Last month, Kentucky state Sen. Julian Carroll, a Democrat, introduced a bill that seeks to authorize the state's Horse Racing Commission to oversee sports betting operations at its facilities. Like the Indiana proposal, Carroll's bill is written to "take effect only if the federal Professional and Amateur Sports Protection Act is repealed by Congress or is rendered void by the United States Supreme Court."

Image: Sports Betting
Betting sheets for NASCAR, golf, boxing and MMA are stacked at the Race and Sports SuperBook at the Westgate Las Vegas Resort & Casino.Ethan Miller / Getty Images file

The bill is thought to have a good chance at passing both Kentucky chambers and being signed into law: Kentucky Gov. Matt Bevin, a Republican, was one of three governors to sign a brief in the Christie v. NCAA case in support of New Jersey's position. State attorneys general from 18 states also signed briefs in the case.

Carroll, too, likes his odds.

"Everyone knows how it's going to turn out — they're going to declare that law unconstitutional,” Carroll told NBC News, adding that his legislation would use the new revenues to help fund the state's indebted employee pension system and various education initiatives.

Legislators in Minnesota, California, Illinois, Iowa, West Virginia, Maryland and New York are optimistic as well.

Last month, the New York state Senate's Racing, Gaming and Wagering Committee held a hearing designed to help build the proper statutory framework for such a law.

The hearings, closely watched in the gaming community, revealed that key actors on the business side of sports betting — like Major League Baseball and the NBA, which for decades had been against the possibility of broader legal sports gambling — want to be involved, too.

"We support the passage of a comprehensive sports betting bill that would serve as a model for a 50-state solution — whether that happens in Congress or on a state-by-state basis," Dan Spillane, a senior vice president and assistant general counsel for the NBA, testified in January.

In a statement, Spillane said that the NBA supports any legislation that would legalize sports betting as long as it "includes comprehensive protections for the integrity of our sport."

That would include measures enforcing consumer protections, legal monitoring and creating a defined framework allowing for mobile betting that is tethered to individual casinos.

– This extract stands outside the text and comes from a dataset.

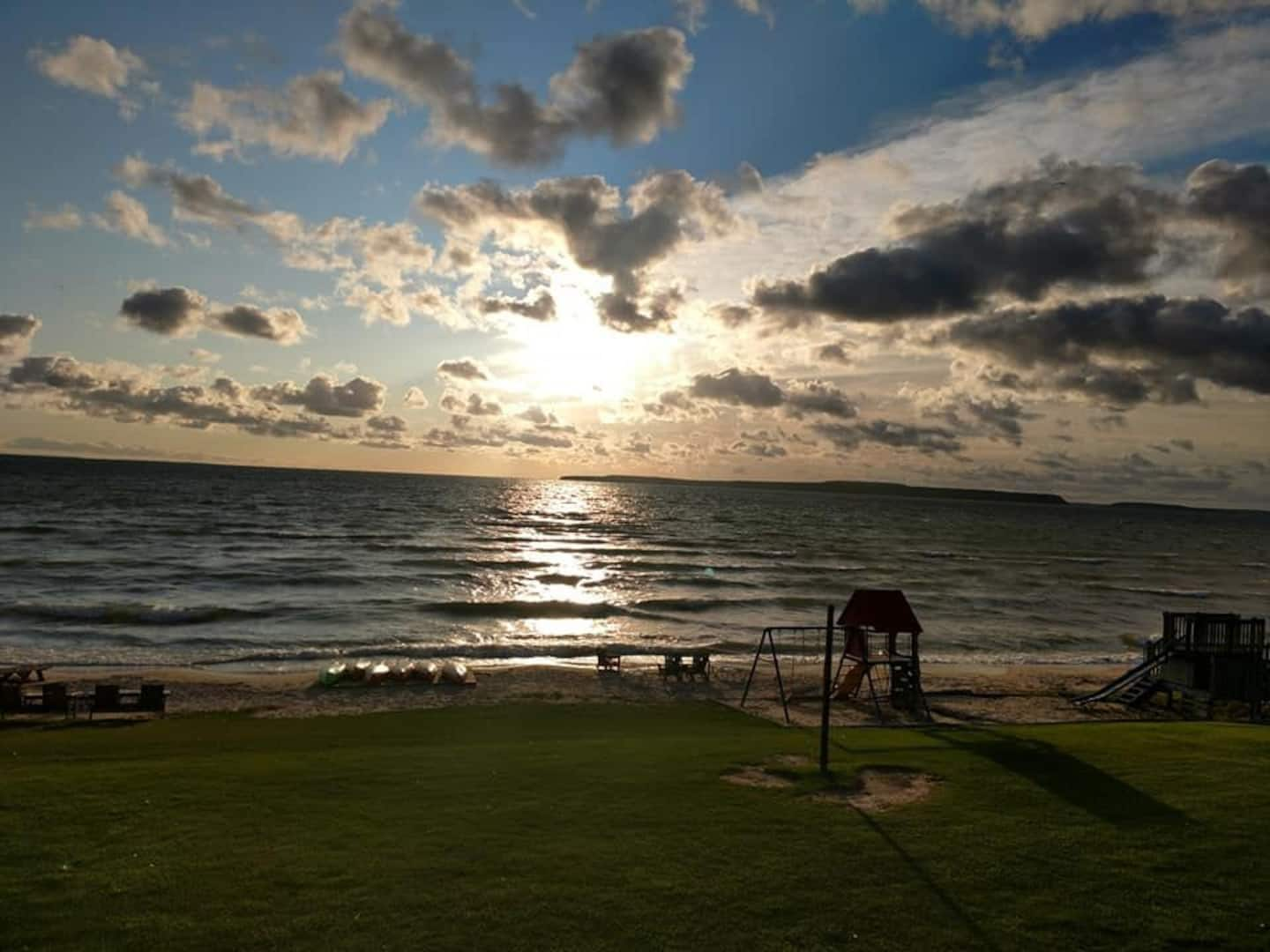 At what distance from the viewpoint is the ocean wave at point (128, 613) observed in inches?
1561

Image: Gamblers bet on a variety of sporting events in the Sports Book, the betting lounge at the Mirage casino.
Gamblers bet on a variety of sporting events in the Sports Book, the betting lounge at the Mirage casino.James Marshall / Getty Images

However, some other major athletic organizations, like the NCAA, remain opposed. And the NFL has taken no official position.

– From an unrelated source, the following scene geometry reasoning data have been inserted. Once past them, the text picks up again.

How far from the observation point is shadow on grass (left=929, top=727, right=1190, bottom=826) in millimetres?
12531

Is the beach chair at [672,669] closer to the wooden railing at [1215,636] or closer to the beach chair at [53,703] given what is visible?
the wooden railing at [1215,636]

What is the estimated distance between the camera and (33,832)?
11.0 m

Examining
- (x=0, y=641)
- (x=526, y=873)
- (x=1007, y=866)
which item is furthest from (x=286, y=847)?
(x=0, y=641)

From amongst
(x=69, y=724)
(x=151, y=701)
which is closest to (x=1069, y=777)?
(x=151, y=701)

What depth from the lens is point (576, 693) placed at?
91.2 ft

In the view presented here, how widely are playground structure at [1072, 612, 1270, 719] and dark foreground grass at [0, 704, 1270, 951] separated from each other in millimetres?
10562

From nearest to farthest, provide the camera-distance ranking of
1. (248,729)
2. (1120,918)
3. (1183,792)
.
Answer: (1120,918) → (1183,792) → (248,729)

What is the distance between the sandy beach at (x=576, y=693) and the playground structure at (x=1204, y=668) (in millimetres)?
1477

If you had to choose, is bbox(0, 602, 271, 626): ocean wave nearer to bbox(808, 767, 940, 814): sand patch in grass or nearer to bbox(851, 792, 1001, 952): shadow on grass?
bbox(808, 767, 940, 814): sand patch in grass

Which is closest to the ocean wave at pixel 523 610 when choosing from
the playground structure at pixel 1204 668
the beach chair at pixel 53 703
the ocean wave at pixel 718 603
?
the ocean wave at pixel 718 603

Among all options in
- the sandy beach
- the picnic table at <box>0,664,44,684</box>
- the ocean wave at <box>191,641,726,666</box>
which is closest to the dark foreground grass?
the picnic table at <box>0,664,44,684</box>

The NCAA, which sued to put an end to New Jersey's push to legalize sports betting in the first place, has repeatedly said it could hurt the integrity of its games.

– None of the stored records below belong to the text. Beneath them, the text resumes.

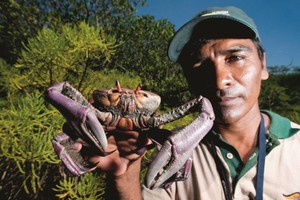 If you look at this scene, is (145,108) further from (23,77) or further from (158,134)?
(23,77)

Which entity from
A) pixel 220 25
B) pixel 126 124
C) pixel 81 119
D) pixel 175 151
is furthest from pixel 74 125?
pixel 220 25

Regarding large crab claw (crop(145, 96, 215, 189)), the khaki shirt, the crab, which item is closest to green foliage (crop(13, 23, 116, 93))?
the crab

"The NCAA opposes all forms of legal and illegal sports wagering, which has the potential to undermine the integrity of sports contests and jeopardizes the welfare of student-athletes and the intercollegiate athletics community," the organization wrote on its site.

While the bills that have been written don't explicitly cite the leagues that would fall under the laws, officials in several states told NBC News that it's possible that betting on college sports might not be allowed or would be strictly limited.

Lawmakers, meanwhile, are ready to push forward.

Under a 2013 referendum, New York voters approved a state constitutional amendment that could expand gambling at new commercial casinos to include sports betting — if it were to become legal.

State Sen. John Bonacic, chairman of the Racing, Gaming and Waging Committee, said that he came away from the hearings in his state feeling like the best option would be simply to draw a carbon copy of one of the places in the U.S. that he says already has "robust" consumer protections, monitoring, enforcement and a narrow framework for online sports betting.

"We want it to look like Vegas, frankly," the Republican legislator said. "They're the perfect model, obviously."